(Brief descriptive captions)
☆ ☆ ☆

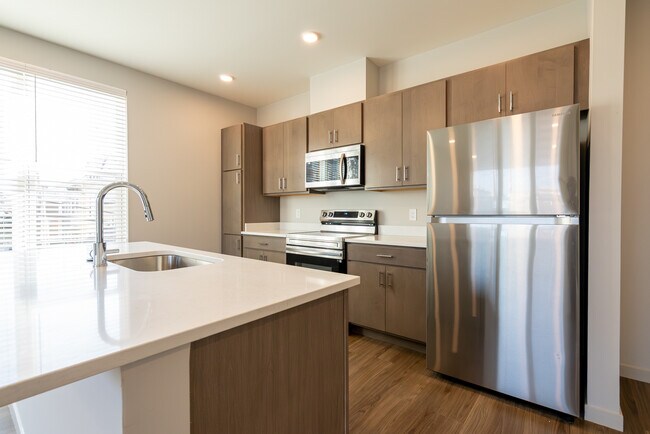 Glendora Flats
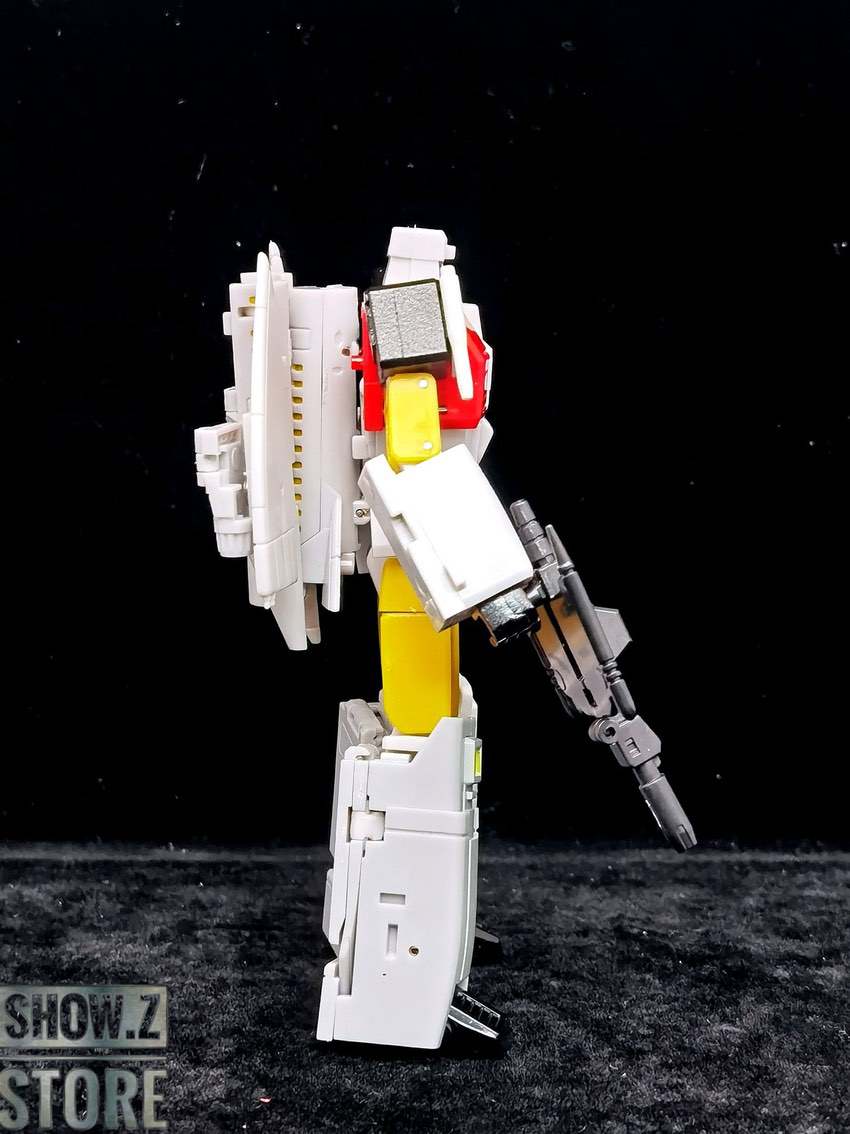 Zeta Toys Silver Arrow Silverbolt side view armed stance Zeta Toys Silver Arrow Silverbolt side view armed stance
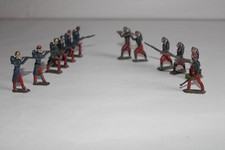 11 soldats de plomb anciens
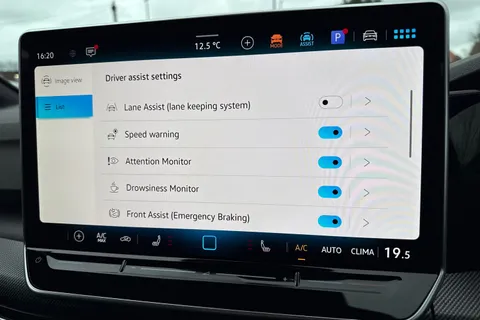  Volkswagen Golf 1.5 eTSI MHEV Black Edition DSG Euro 6 (s/s) 5dr Thumbnail #47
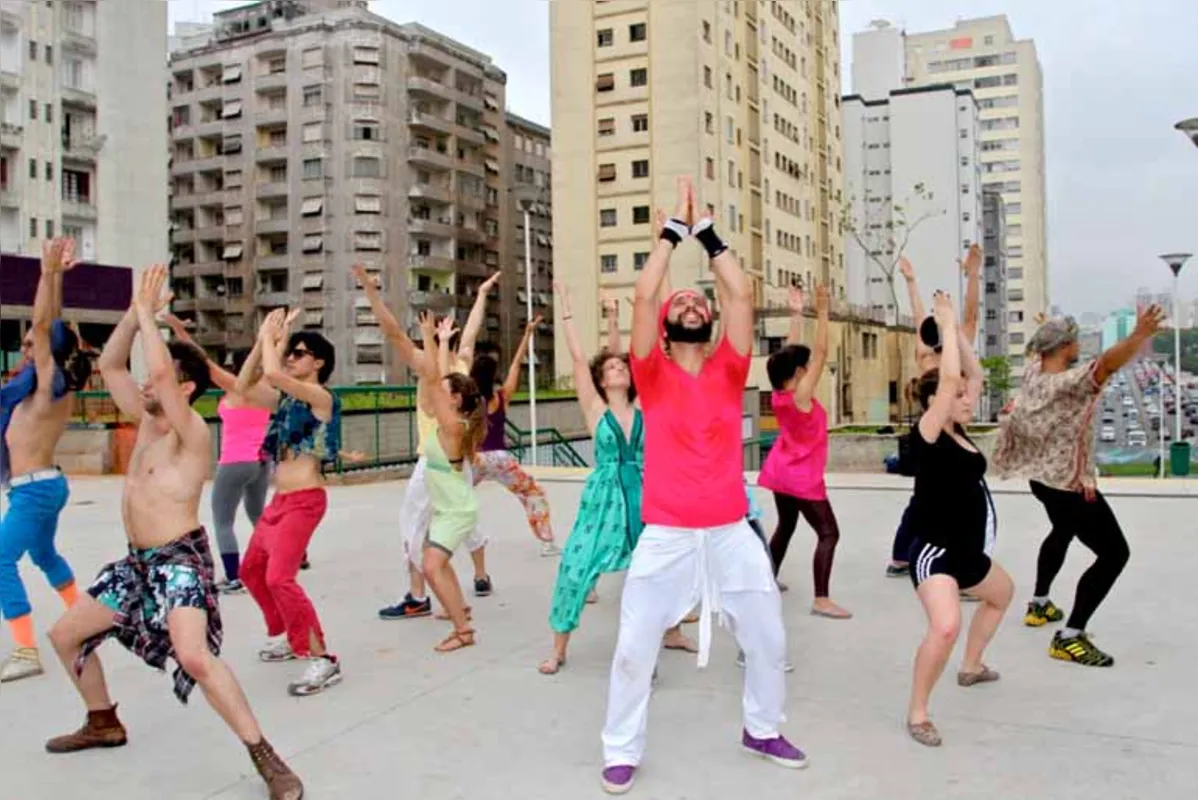O workshop "Bollywwod Cosmic Dance" de dança indiana, conduzido por Thiago Amaral, prevê um flash mob com participação do público em diferentes regiões da cidade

☆ ☆ ☆

▶ REQUIREMENT
What you return must match the records above exactly, minus any images.

▶ ANSWER BOX
 Glendora Flats
 Zeta Toys Silver Arrow Silverbolt side view armed stance Zeta Toys Silver Arrow Silverbolt side view armed stance
 11 soldats de plomb anciens
  Volkswagen Golf 1.5 eTSI MHEV Black Edition DSG Euro 6 (s/s) 5dr Thumbnail #47
O workshop "Bollywwod Cosmic Dance" de dança indiana, conduzido por Thiago Amaral, prevê um flash mob com participação do público em diferentes regiões da cidade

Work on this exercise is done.